I'm happy with the Monroes that Sears sells. They're $16.49 each when they're on sale. That was last week BTW.


----------



## joefrontier (Apr 26, 2007)

kkspeed said:


> I have a 2000 Frontier 2WD King Cab with 63,000 miles and need to replace the shocks.
> The truck seems to 'float' over bumps a lot more than my 90 & 97 Hardbody trucks did.
> 
> I want looking at the Tokico Trek Master R/T & KYB GR-2 shocks. I'm looking for an OEM ride or slightly stiffer.
> ...


If you are looking for the oem ride, buy the oem shocks. You can go to Axle & Suspension :: Genuine Nissan Parts :: Frontier (D22U) 1998-2004 :: CourtesyParts.com

They run about 43$ for the fronts.


----------



## Oldnissanguy (Jan 6, 2005)

Or slightly stiffer than OEM ride, get the Monroes.


----------



## azrichter (Jul 14, 2007)

I obsessed on shocks for a 2000 2WD Frontier. I really wanted to buy Bilsteins, but needed to keep some cash for other issues. Offroad shop had Rancho RS5000s for $44 each.

I settled on Monroe Reflex shocks, partly because I was nervous about the Rancho ride being too stiff.

It rides fine---a bit firmer than OEM.

I was disappointed in the appearance of the Monroe's out of the box---they look mass-produced and cheap---rough metal cut my finger. Though the Ranchos are made by Monroe, they are a burlier, heavier built unit. The Bilsteins are obviously built to a higher standard---well-finished, sturdy, WELL-made.

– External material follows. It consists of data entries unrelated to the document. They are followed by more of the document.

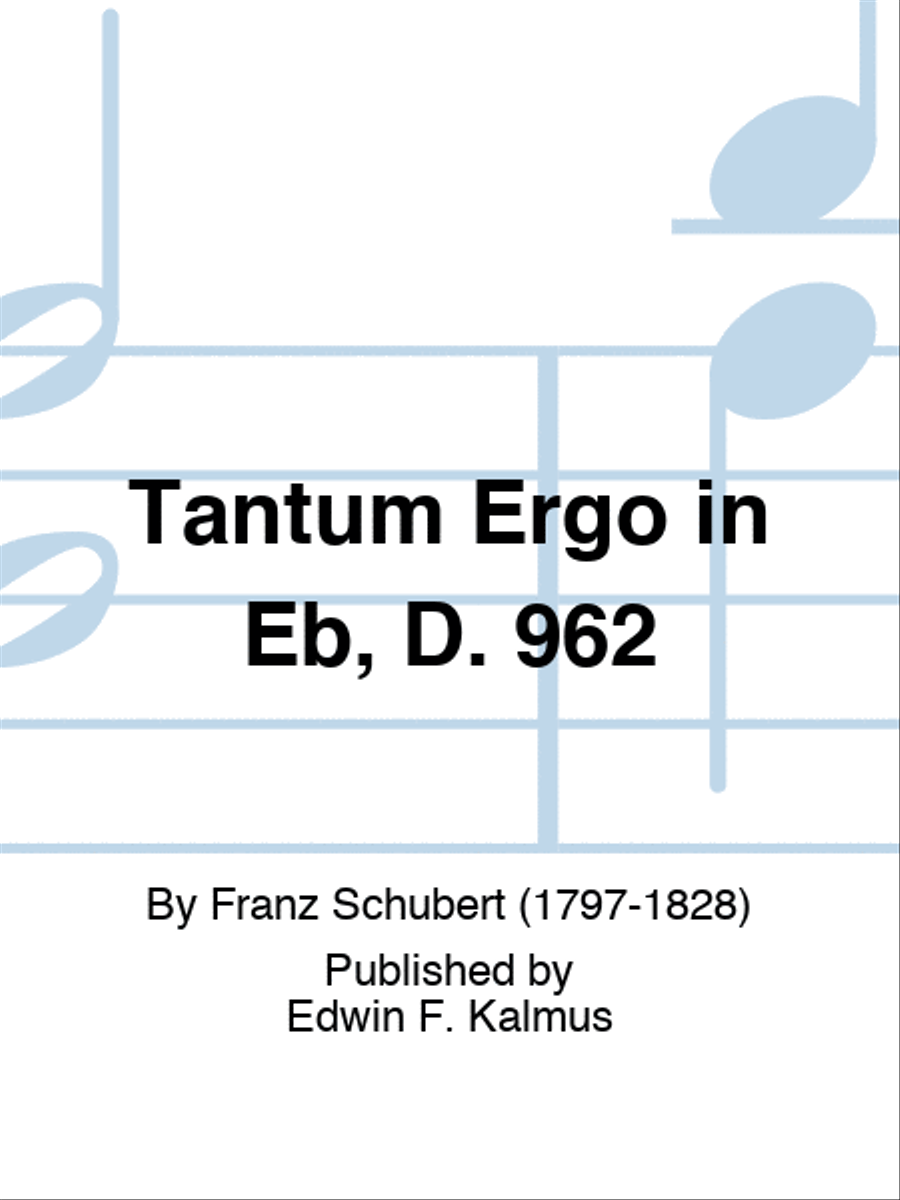 Tantum Ergo in Eb, D. 962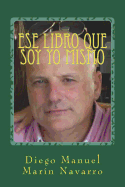 Ese Libro Que Soy Yo Mismo: Antolog?a Final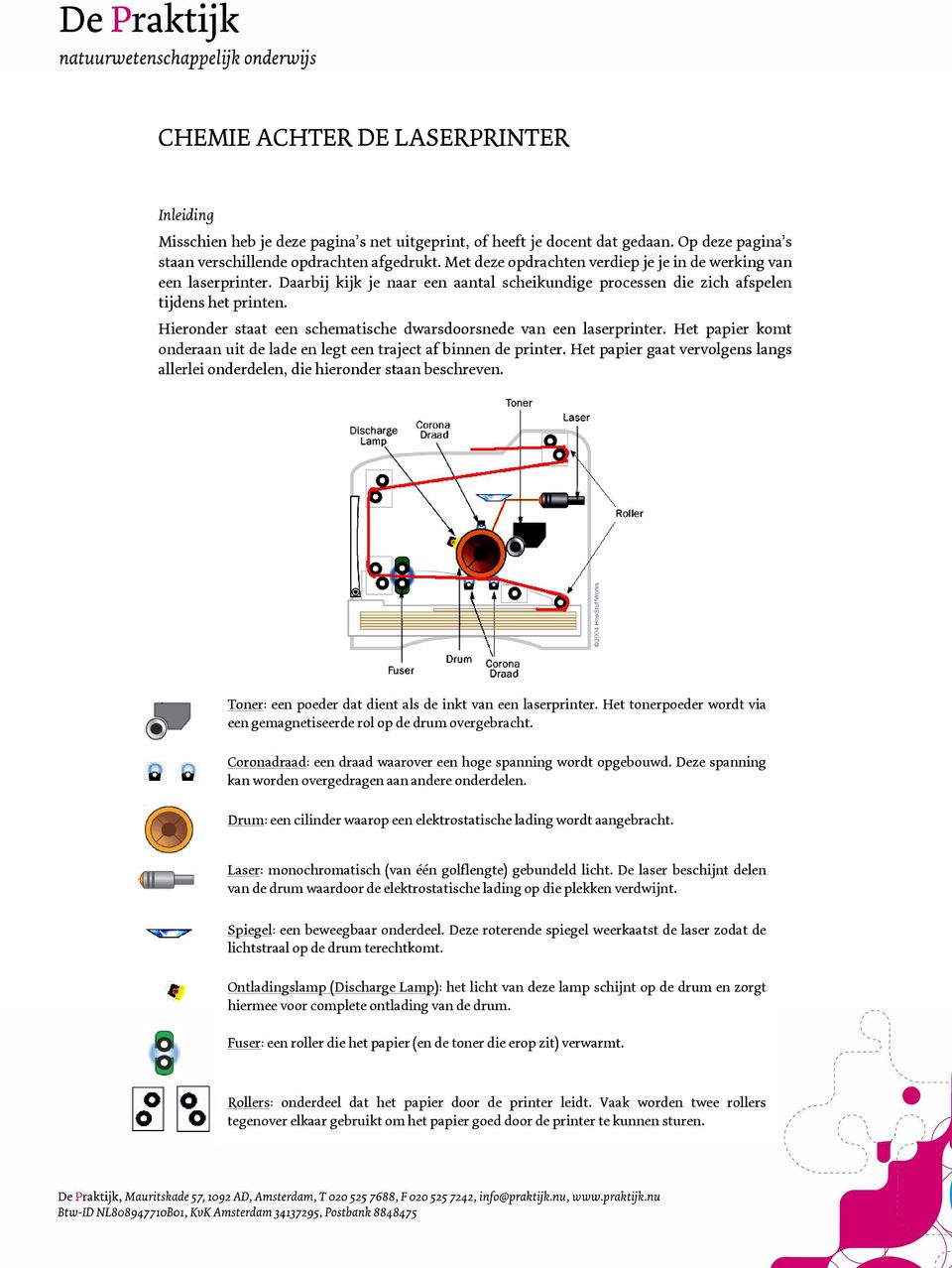 Hieronder staat een schematische dwarsdoorsnede van een laserprinter. Het papier komt onderaan uit de lade en legt een traject af binnen de printer.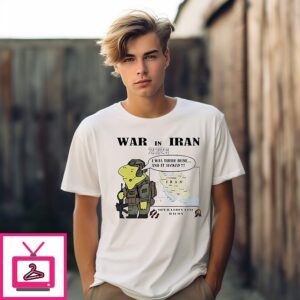 War In Iran 2026 I Was There Dude It Sucked Cartoon T-Shirt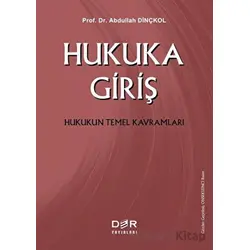 Hukuka Giriş Hukukun Temel Kavramları - Abdullah Dinçkol - Der Yayınları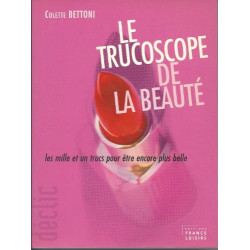 Le trucoscope de la beauté : Les mille et un trucs pour être...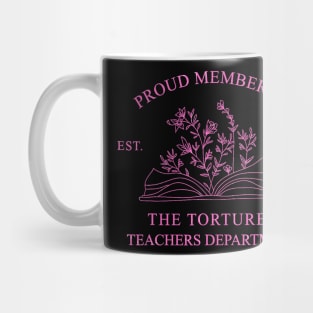 Proud member of The Tortured Teachers Department est 2024 Mug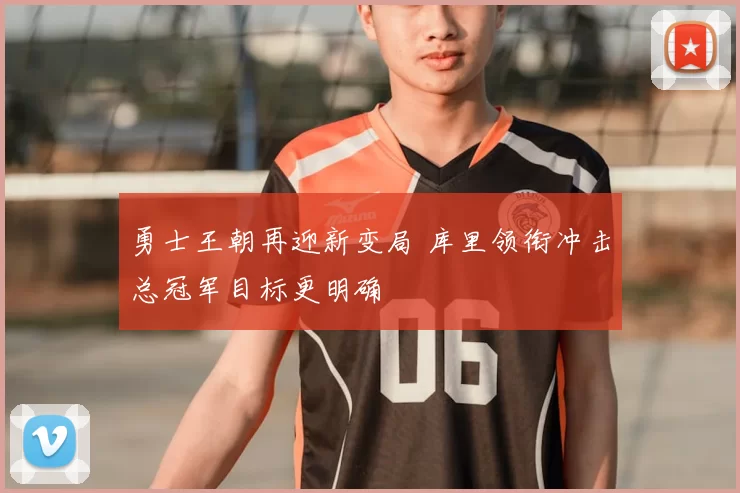 勇士王朝再迎新变局 库里领衔冲击总冠军目标更明确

If you hurry, you can buy 3, get one free from Rancho or Monroe. I wish I'd tried the Rancho, but I'm fairly satisfied with the Reflex. For $120 I got a set of 4 with some left over for a new stereo...


----------



## stevem5000 (Apr 16, 2003)

I put the Rancho 5000's on my 2000 fronty...all 4...I was a little dissapointed at first...I thought they were too soft...but after about 40,000 miles, I'm used to them...
So I guess they are ok...but I don;t a great shock...


----------



## smj999smj (Jan 1, 2006)

I personally like the KYB G2's. They're not expensive, lifetime warranted, and ride well. KYB is also an OEM manufacturer for Nissan and makes many of the shocks and struts for Nissan, along with Tokico.


----------



## ediamiam (Jun 20, 2005)

2000 king cab. kybs and rear sway bar from suspensionconnections. that sway bar made a big difference.


----------



## mmiller2002 (Sep 29, 2006)

Is the Reflex one notch stiffer than the Monroe Sens-a-trac or MonroeMatic (or whatever its called?

Thanks



azrichter said:


> I obsessed on shocks for a 2000 2WD Frontier. I really wanted to buy Bilsteins, but needed to keep some cash for other issues. Offroad shop had Rancho RS5000s for $44 each.
> 
> I settled on Monroe Reflex shocks, partly because I was nervous about the Rancho ride being too stiff.
> 
> ...


----------